Tanto no seriado quanto no livro, é possível perceber como lidar com casos tão cruéis pode interferir nas relações pessoais de um policial. Aficionado pelo trabalho e tão acostumado a se forçar a pensar como os assassinos, o depoimento de Douglas não se resume ao seu brilhantismo na condução de investigações, mas também traz sua dolorosa realidade pessoal. Além da frieza e da distância, o investigador se questiona se estaria ele próprio adquirindo as características dos homens que ele por tanto tempo esteve analisando, entrando em uma série de conflitos consigo mesmo e com pessoas próximas.


Desde que se tornou um produto a ser comercializado pelas grandes mídias, a violência deixou de ser algo que assombrava o cotidiano policial para tornar-se objeto de entretenimento de uma grande parte da população. É inegável que consumimos violência, mesmo que sem querer, por meio dos telejornais, dos filmes, dos livros. Os detalhes dos crimes reais são desejados por uma massa que os acompanha como uma novela, debatendo desfechos e pensando em um “final feliz”; e de tal forma, gerando procura e, consequentemente, uma produção cada vez maior. A violência desperta sentimentos profundos, e muitas vezes perturbadores, mas que não impedem essa busca por detalhes: medo, angústia, ódio, ansiedade. Tal como Douglas/Ford, algumas vezes somos tão sugados para esse universo violento que nos cerca que somos questionados a buscar nossa verdadeira essência no mais profundo de nossos seres. Algumas vezes, é necessário receber um abraço de um serial killer para perceber que você (não) é um deles.


Afinal, seria consumir, e não praticar a violência o que nos torna diferente dos serial killers? Ou no fundo seríamos todos tão crueis quanto eles mesmos?

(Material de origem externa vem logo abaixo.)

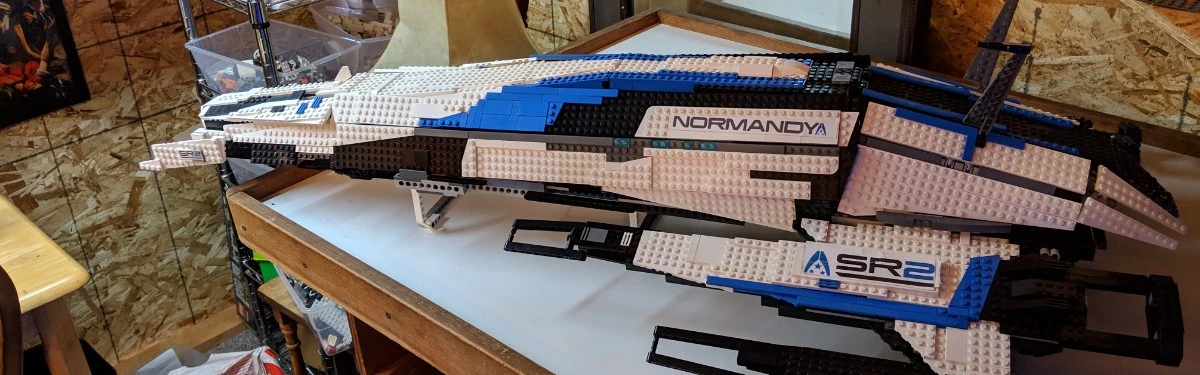 Фанат Mass Effect воссоздал фрегат «Нормандия SR-2» из LEGO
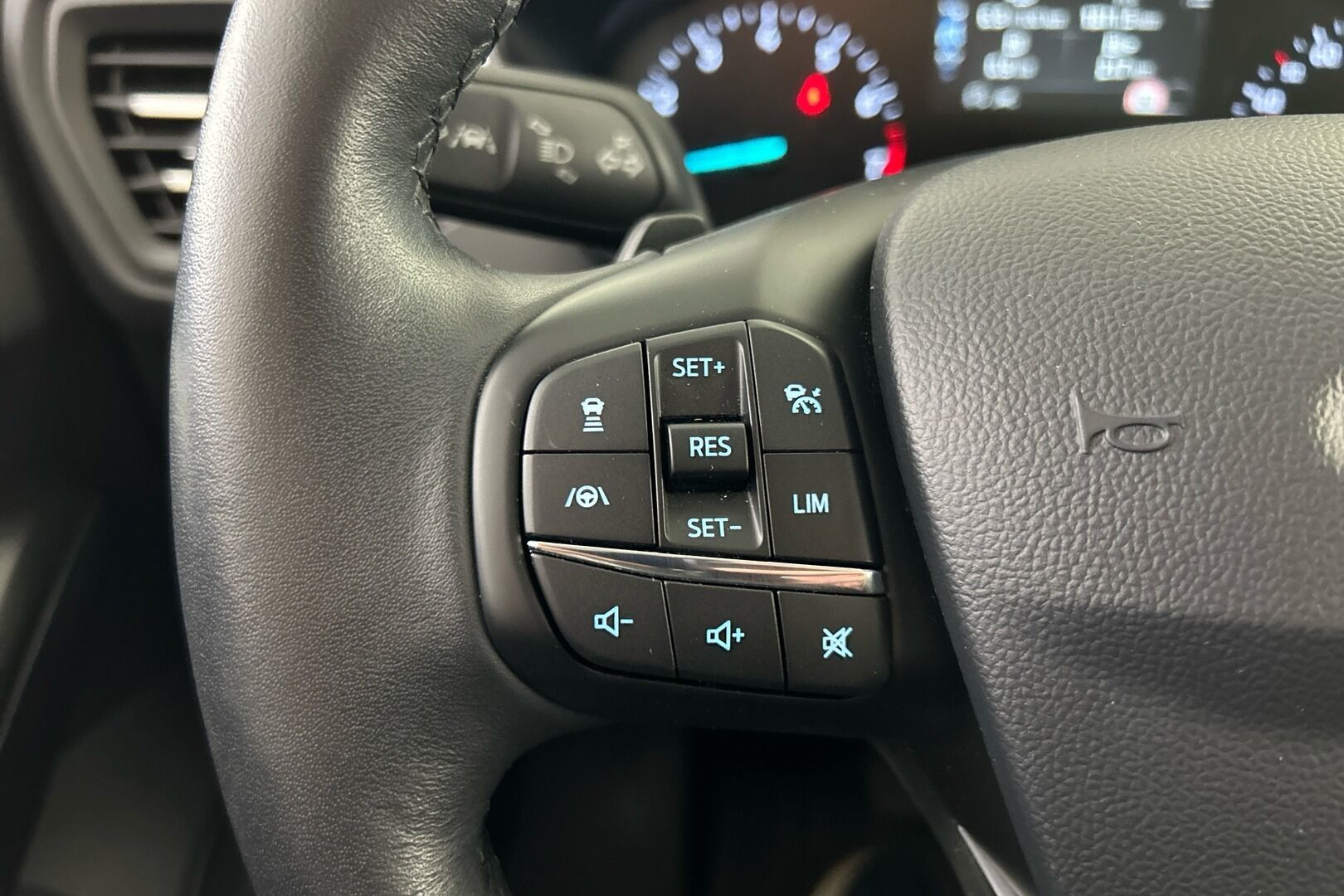 Ford Focus iso kuva 12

(BÔNUS) Com a leitura do livro finalizada, o que podemos esperar da segunda temporada de Mindhunter? Primeiramente, mais Ed Kemper. Kemper é um personagem indispensável e auxiliou imensamente Douglas durante sua trajetória, e eles criaram até mesmo um tipo de “amizade”. A entrevista com Charles Manson, uma das primeiras feitas pelo investigador, também é muito esperada. Outros casos famosos do início dos anos 80, como o do Matador da Trilha, muito abordados no livro são algumas das possibilidades.